Educate the community. “This is not what it looked like in ‘Pretty Woman.’ It is something that is happening right before our eyes, but the public often doesn’t recognize it.” Visit Training and Resources United to Stop Trafficking at trustaz.org to learn the warning signs, such as: strange hotel keys, barcode tattoos, unexplained cash, defensiveness when recounting routine events, fear of social interactions and more. If you suspect sex trafficking, it’s crucial that you report it; a child’s life may be in danger.

Realize kids are victims. Law enforcement, judges and prosecutors need to recognize that youth prostituted on the street should be seen as victims, not juvenile delinquents.

Educate children. Teach children about the dangers that exist, especially online. Create an environment in which your child feels comfortable talking with you. Encourage your kids to let you know if they encounter an uncomfortable or potentially dangerous situation. Do this as early as possible, because sex traffickers are targeting ever-younger ages. Specific rules and guidelines need to be given to children regarding their computer and cellphone use.

Change attitudes. We must create awareness and stop glamorizing the sex trade. “It is truly ugly,” Baldwin says. “Men who solicit sex acts need to be prosecuted and shamed. This is not a victimless crime.”

SexTraffic-2November: National Runaway Prevention Month

From 1.6 million  to 2.8 million young people run away in a year. If they all lived in a single city, it would be the fifth largest city in the United States. One in three teens living on the street will be lured into prostitution within 48 hours of leaving home. To learn more,  visit trustaz.org and 1800runaway.org.

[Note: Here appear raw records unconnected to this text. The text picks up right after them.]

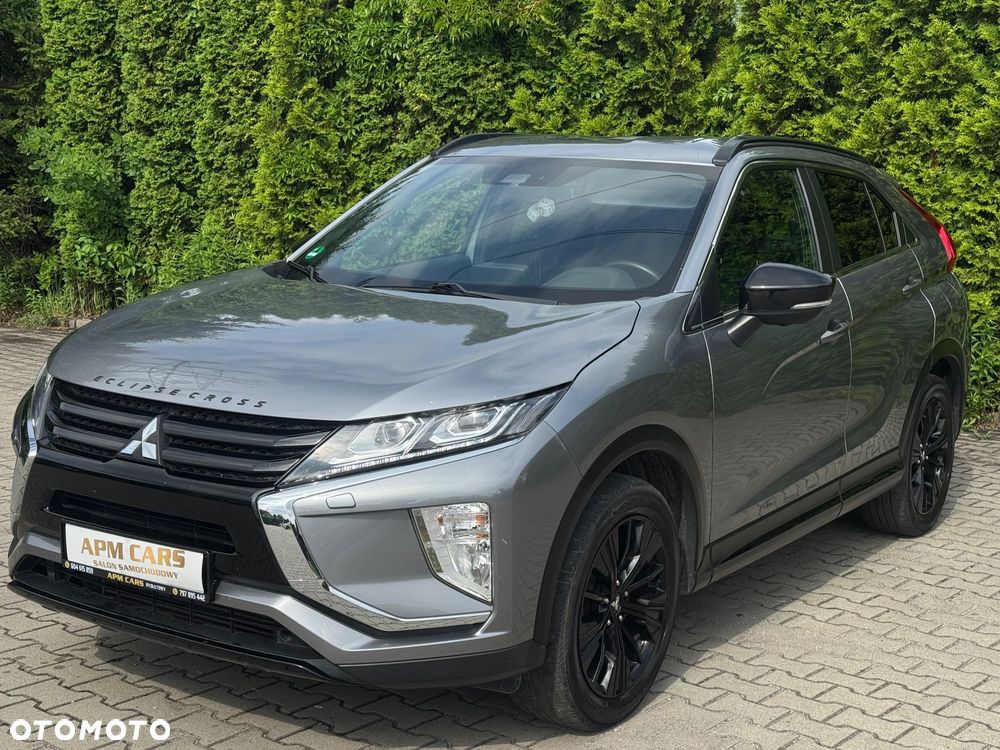 Mitsubishi Eclipse Cross 1.5 T-MIVEC ClearTec CVT 2WD Diamant Edition Plus - 5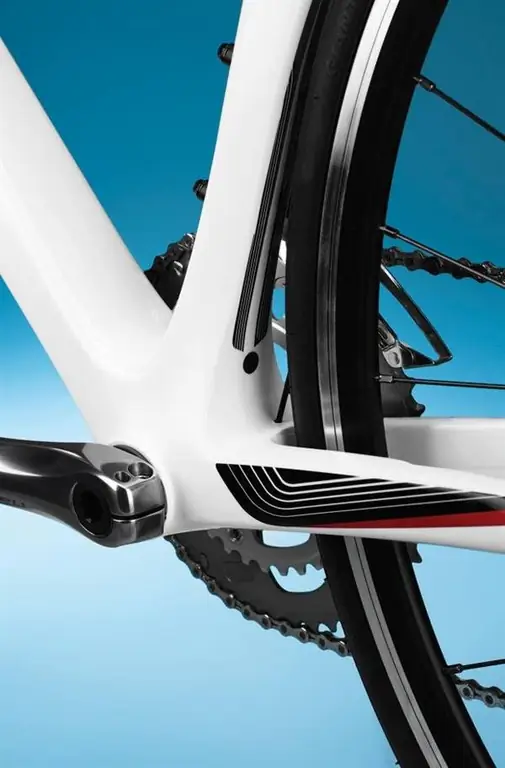 Гигантская тиагра TCR Advanced 3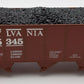 Bachmann 98214 G Scale Pennsylvania 3 Bay Hopper #675345 w/ Coal Load LN/Box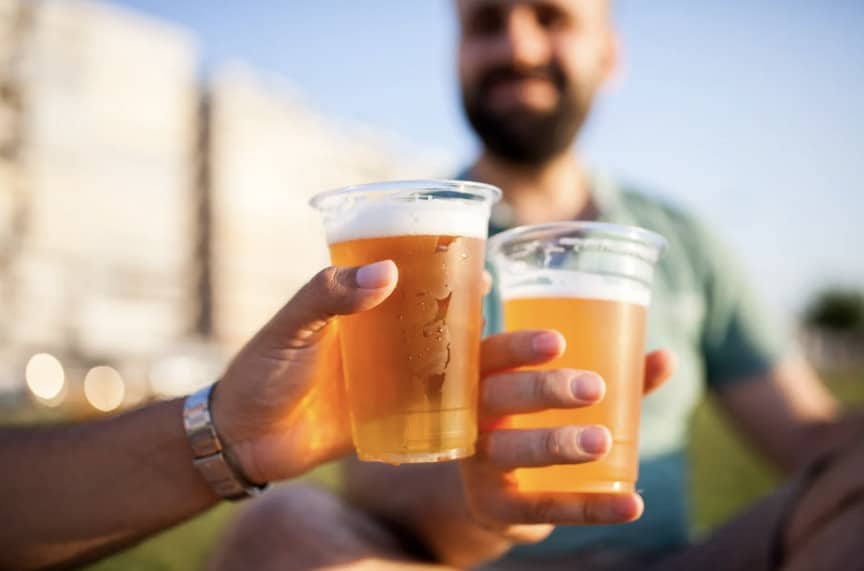 How Freight Railroads Move Beer Across America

How can parents protect their kids?

• Know where your children are at all times. Sexual predators prey on children whose parents or guardians aren’t looking out for them.

• Know what your children are doing online and teach internet safety. Sex traffickers are masterful at deceiving kids online and often make initial contact with their victims on the internet.

• Teach them about sexual exploitation. Teach them to trust their instincts and what behaviors are inappropriate. Give them “what if?” scenarios and discuss how they would handle them.

• Know the warning signs. Visit trustaz.org for warning signs for different age groups and such resources as “How to talk to your kids about human trafficking.”

• Report human trafficking. If you believe you have information about a potential trafficking situation, call the confidential 24-hour National Human Trafficking Resource Center hotline at 1-888-373-7888.